Record set:
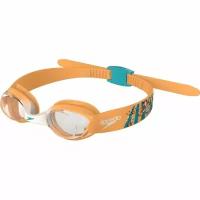 Очки для плавания детские Speedo Infant Illusion Goggle Infant Illusion Goggle, orange/green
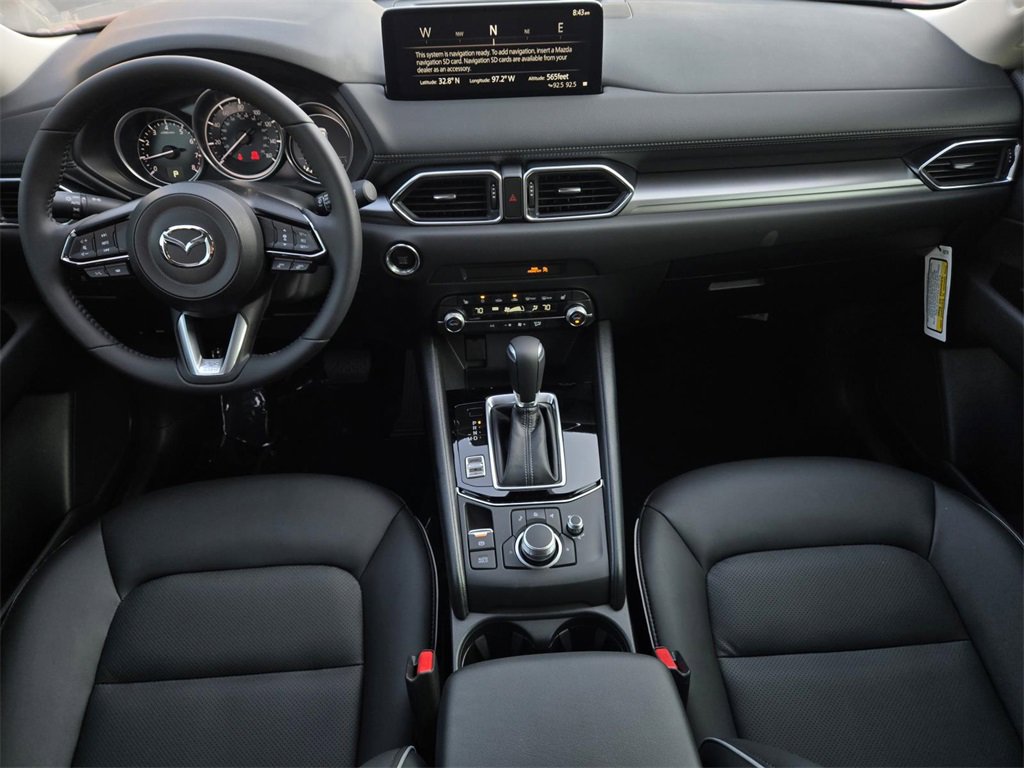 New 2025 MAZDA CX-5 AWD 2.5 S w/ Select Package image 12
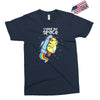i need my space Exclusive T-shirt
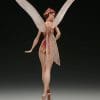 J. Scott Campbell Tinkerbell Fall Variant Statue Limited Disney Collectible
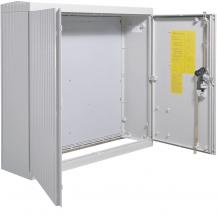 Hager Kabelverteilerschrank Gr.2/1005, mit MP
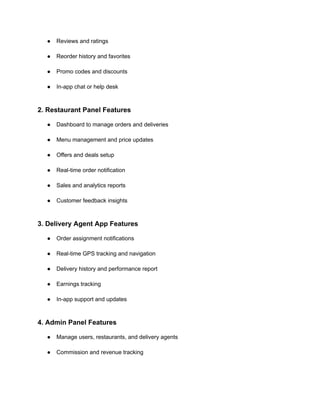 How to Build a Food Ordering App Like Zomato.pdf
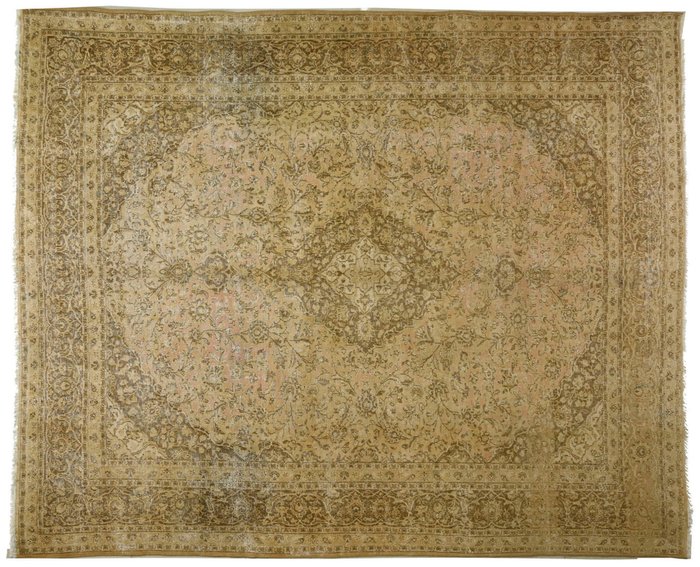 Tabriz - 小地毯 - 376 cm - 291 cm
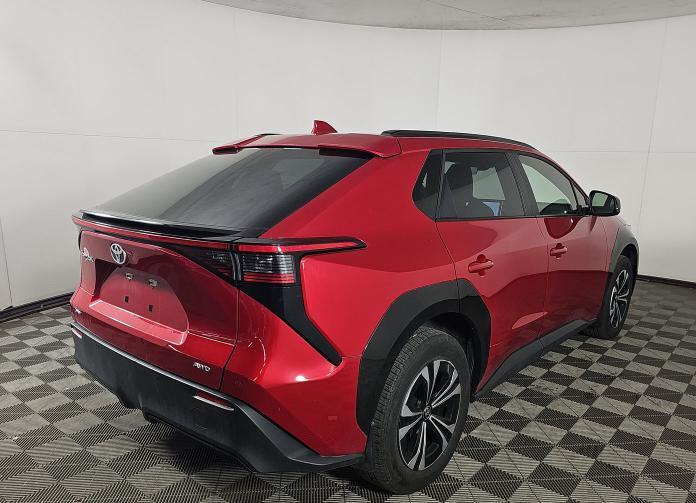 Toyota BZ4X XLE AWD 2024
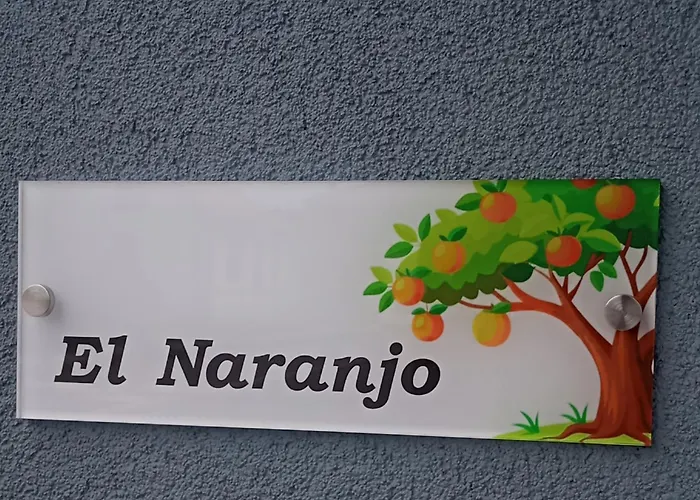 Apartament El Naranjo *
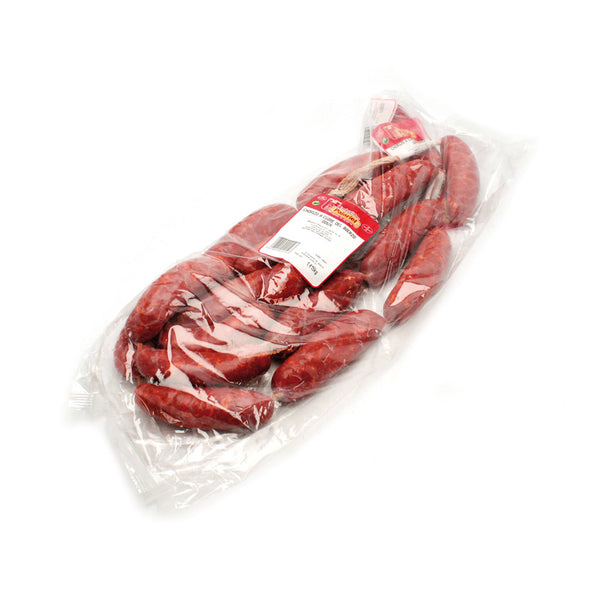 Mini Chorizo à Griller x18 - Épicez vos barbecues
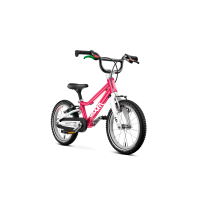 Woom GO 2 Kinderfahrrad 14" hot Pink H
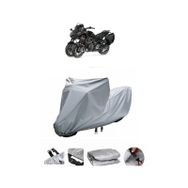 Coverplus Yamaha Niken GT Gri Su Geçirmez Motosiklet Brandası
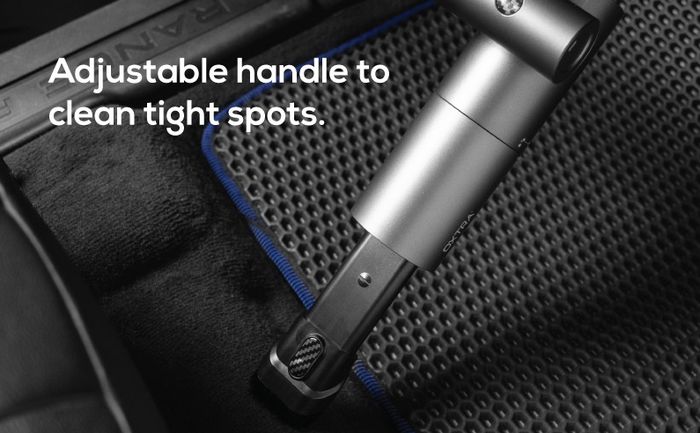 Vacuum wireless Oxtra juga kena diskon 12 persen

Task statement: Both the line containing "Toyota BZ4X XLE AWD 2024" and the last line of the listing above belong in the copy, along with every line between them; retype them exactly and omit the pictures.

Response to the exercise:
 Toyota BZ4X XLE AWD 2024
 Apartament El Naranjo *
 Mini Chorizo à Griller x18 - Épicez vos barbecues
 Woom GO 2 Kinderfahrrad 14" hot Pink H
 Coverplus Yamaha Niken GT Gri Su Geçirmez Motosiklet Brandası
 Vacuum wireless Oxtra juga kena diskon 12 persen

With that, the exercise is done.